YOUR TASK:
Using only the entries below, output the lines starting at the one containing "colourful rugs on" and ending at the one containing "Femme d'âge moyen", exactly and inclusive of both, omitting the pictures.

DATA SUPPLIED:
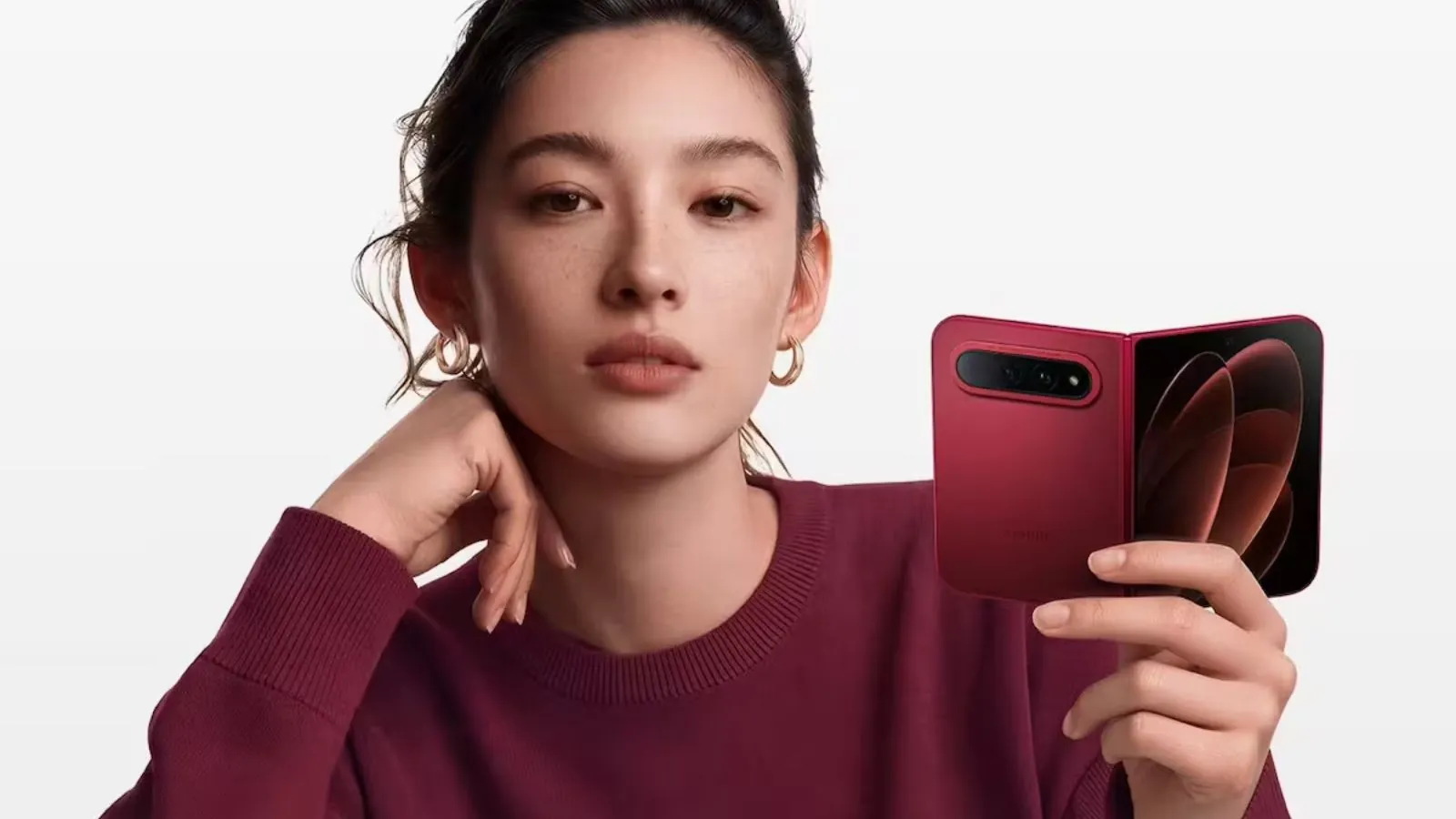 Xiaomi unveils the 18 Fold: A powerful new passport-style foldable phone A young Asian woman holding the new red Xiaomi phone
...
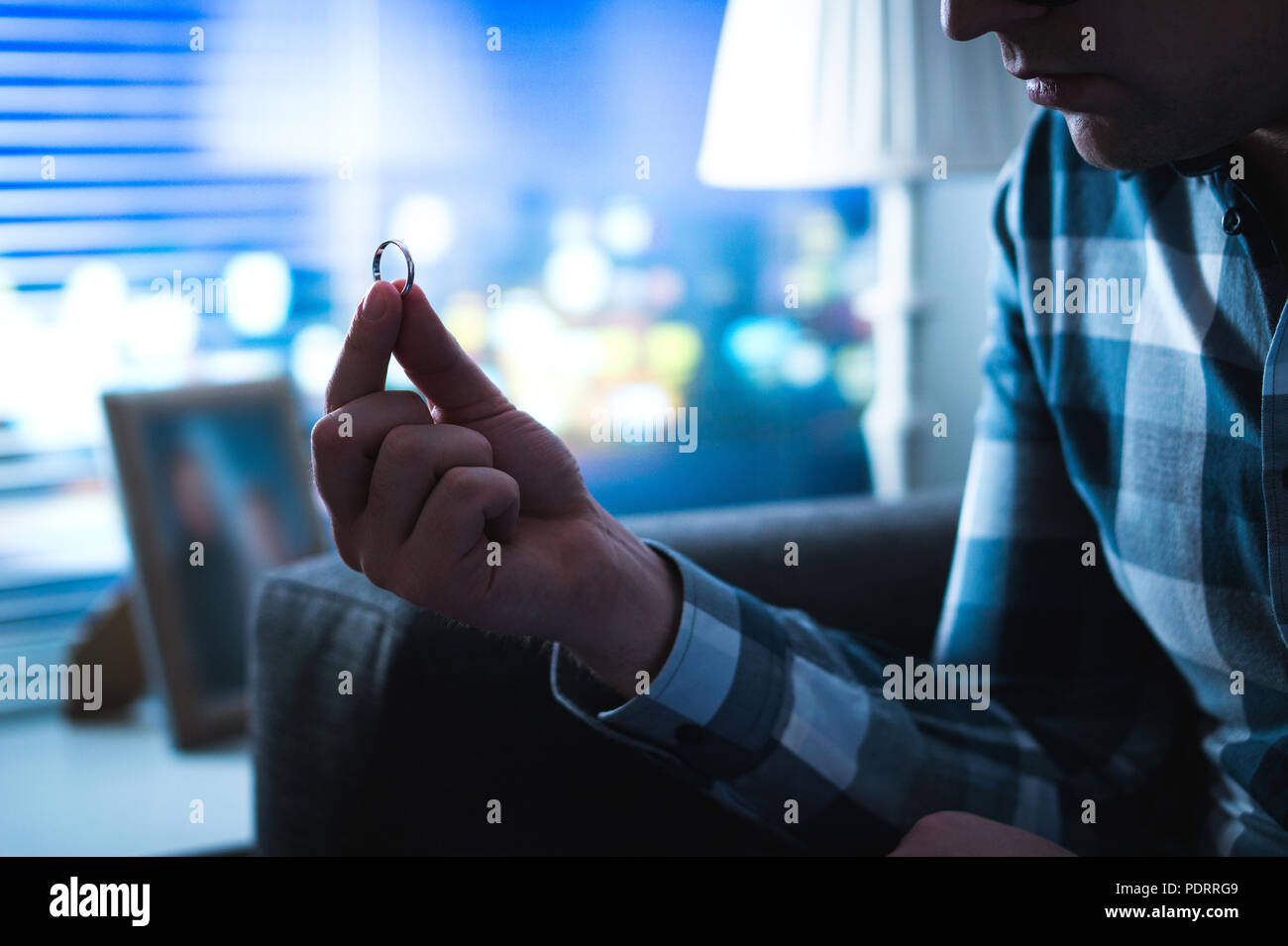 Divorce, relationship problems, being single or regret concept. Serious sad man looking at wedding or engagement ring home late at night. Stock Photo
* * *
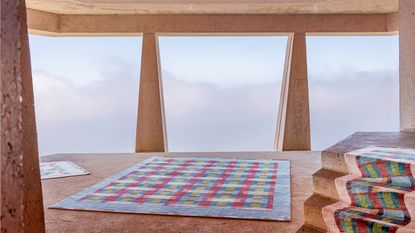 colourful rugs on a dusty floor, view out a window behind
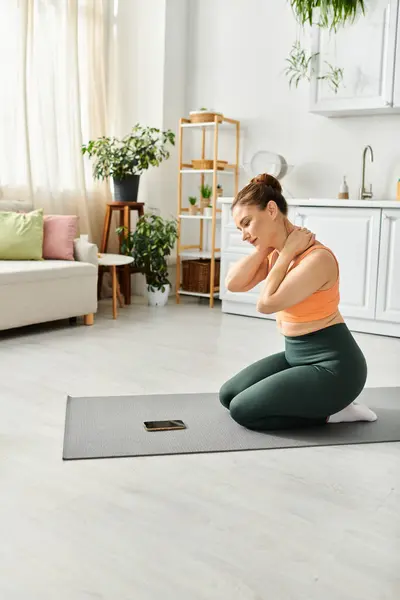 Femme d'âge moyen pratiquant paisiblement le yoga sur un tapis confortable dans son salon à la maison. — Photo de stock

OUTPUT FOR THIS EXERCISE:
 colourful rugs on a dusty floor, view out a window behind
 Femme d'âge moyen pratiquant paisiblement le yoga sur un tapis confortable dans son salon à la maison. — Photo de stock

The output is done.